■ Work required ■
Quote, exactly, the line holding "live guro reaction" and all lines after it to the end of the records below. Exclude pictures.

■ Recorded information ■
□ □ □

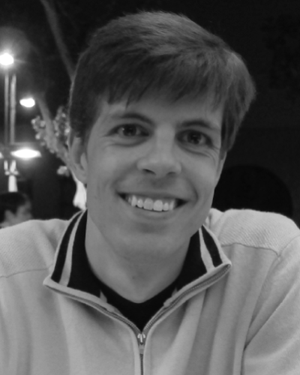 Christopher Van Arsdale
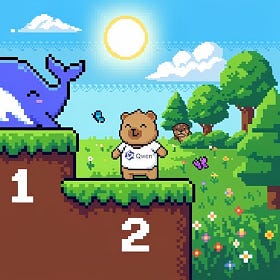 2025 Open Models Year in Review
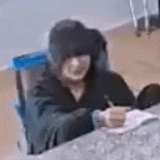 live guro reaction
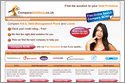 Web Design Debt Consolidation Manchester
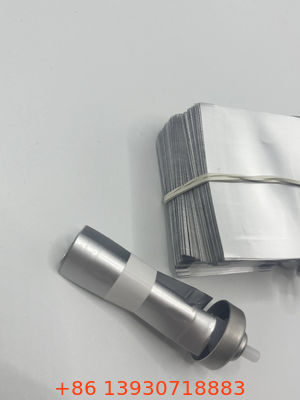 20 mm i 1 cala worek-na-wałku System dla puszek spray aerozolu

□ □ □

■ Task output ■
 live guro reaction
 Web Design Debt Consolidation Manchester
 20 mm i 1 cala worek-na-wałku System dla puszek spray aerozolu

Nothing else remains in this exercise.